— DATASET —
·····

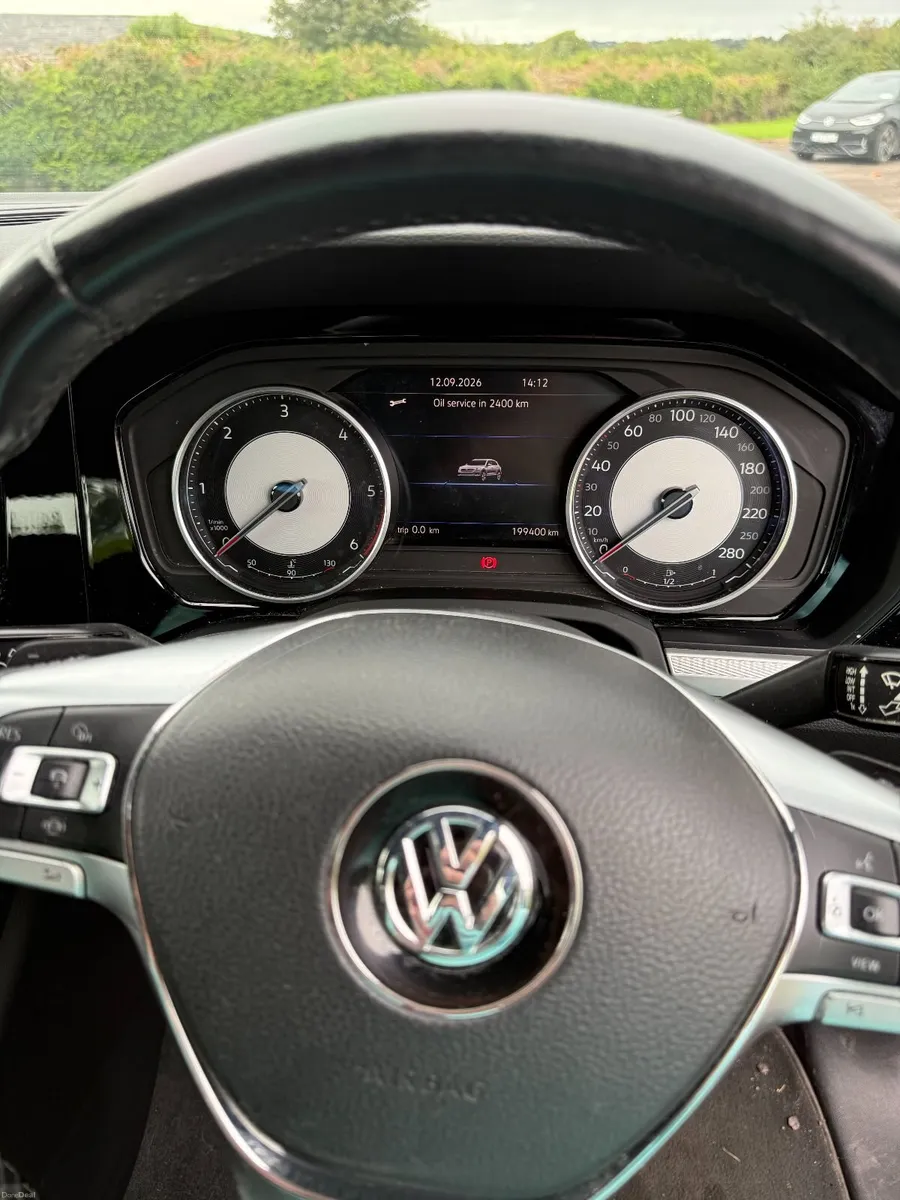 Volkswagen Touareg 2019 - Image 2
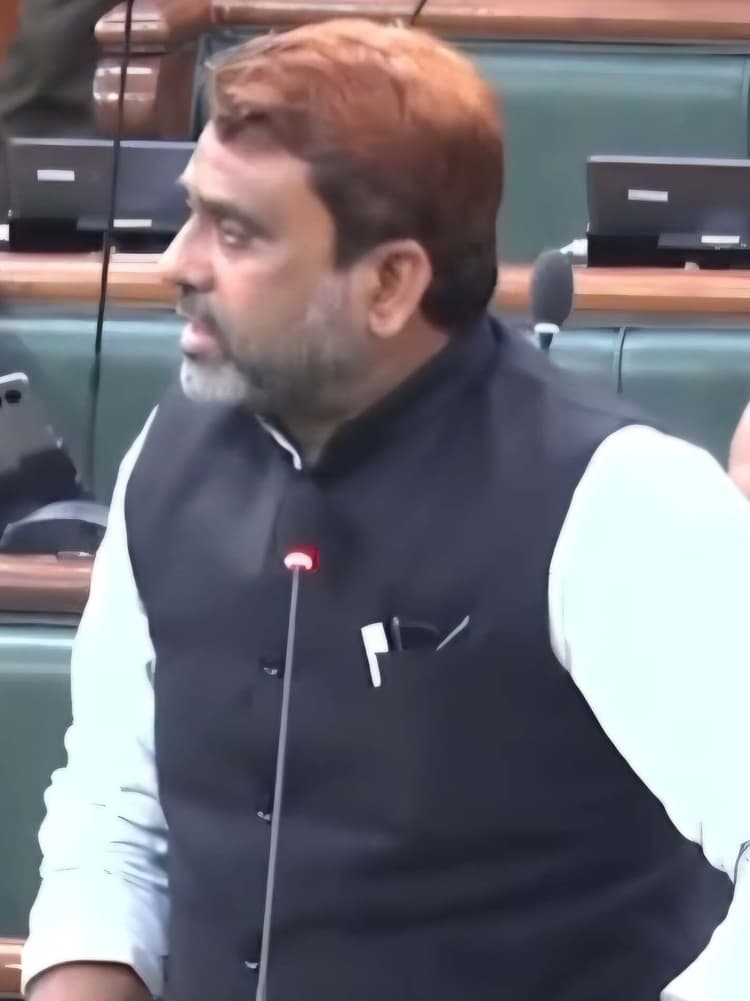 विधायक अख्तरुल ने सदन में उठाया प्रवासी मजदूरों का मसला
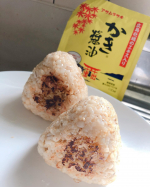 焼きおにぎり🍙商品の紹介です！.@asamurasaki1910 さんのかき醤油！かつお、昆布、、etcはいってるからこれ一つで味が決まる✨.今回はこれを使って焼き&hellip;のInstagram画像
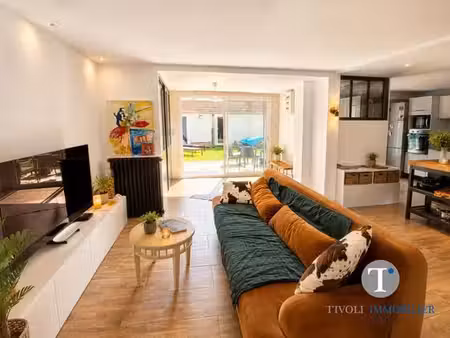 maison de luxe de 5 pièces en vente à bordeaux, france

·····

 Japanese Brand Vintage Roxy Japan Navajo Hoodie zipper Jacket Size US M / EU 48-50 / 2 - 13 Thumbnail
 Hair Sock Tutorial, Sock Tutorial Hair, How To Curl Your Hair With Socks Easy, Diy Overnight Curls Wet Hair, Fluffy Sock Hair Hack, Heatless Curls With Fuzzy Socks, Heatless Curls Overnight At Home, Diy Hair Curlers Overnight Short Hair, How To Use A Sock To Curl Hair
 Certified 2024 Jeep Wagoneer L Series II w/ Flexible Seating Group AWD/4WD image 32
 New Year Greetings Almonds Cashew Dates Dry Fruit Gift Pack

·····

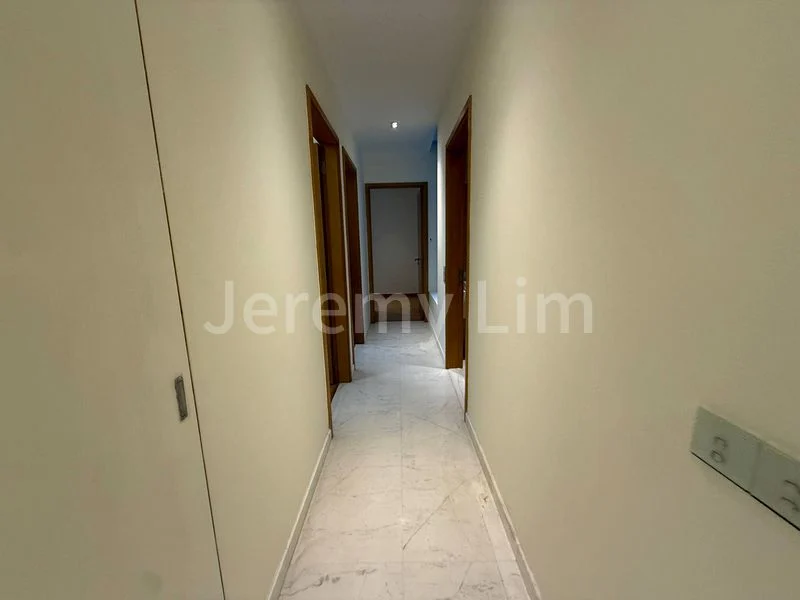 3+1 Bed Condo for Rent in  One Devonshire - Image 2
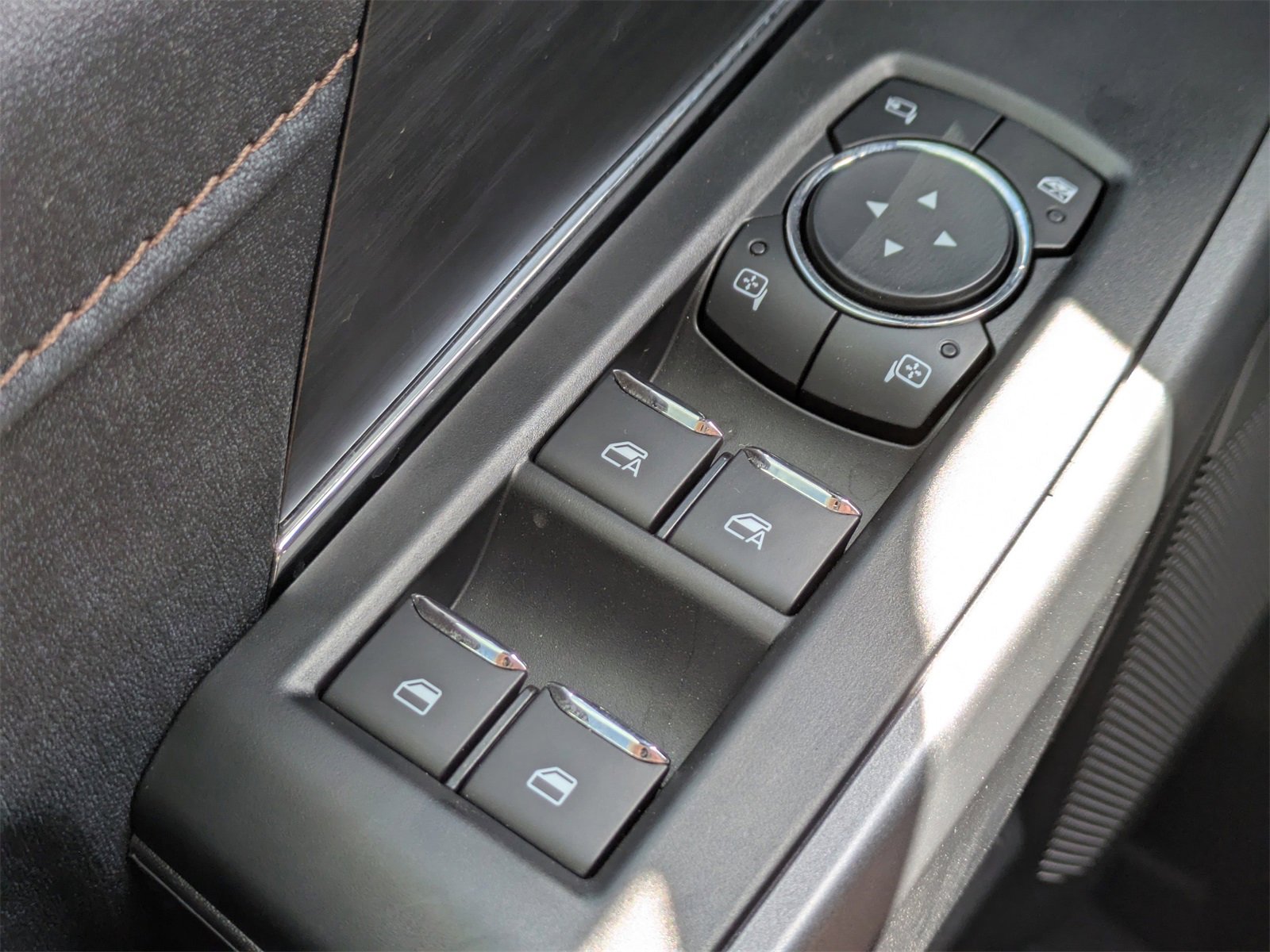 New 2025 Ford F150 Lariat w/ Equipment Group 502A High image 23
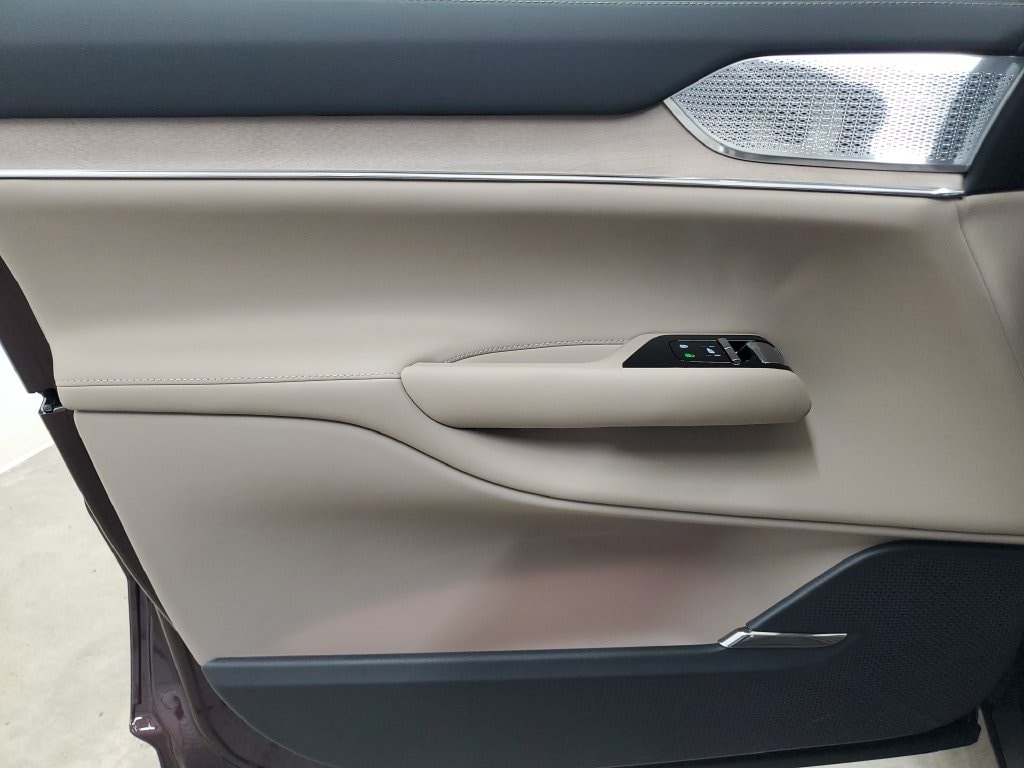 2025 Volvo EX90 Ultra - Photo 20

·····

— THE PROBLEM —
Set the pictures aside and reproduce exactly the lines above, from the line holding "विधायक अख्तरुल ने" through the line holding "maison de luxe", both included, with nothing else.

— RESULT FOR THIS EXERCISE —
 विधायक अख्तरुल ने सदन में उठाया प्रवासी मजदूरों का मसला
 焼きおにぎり🍙商品の紹介です！.@asamurasaki1910 さんのかき醤油！かつお、昆布、、etcはいってるからこれ一つで味が決まる✨.今回はこれを使って焼き&hellip;のInstagram画像
 maison de luxe de 5 pièces en vente à bordeaux, france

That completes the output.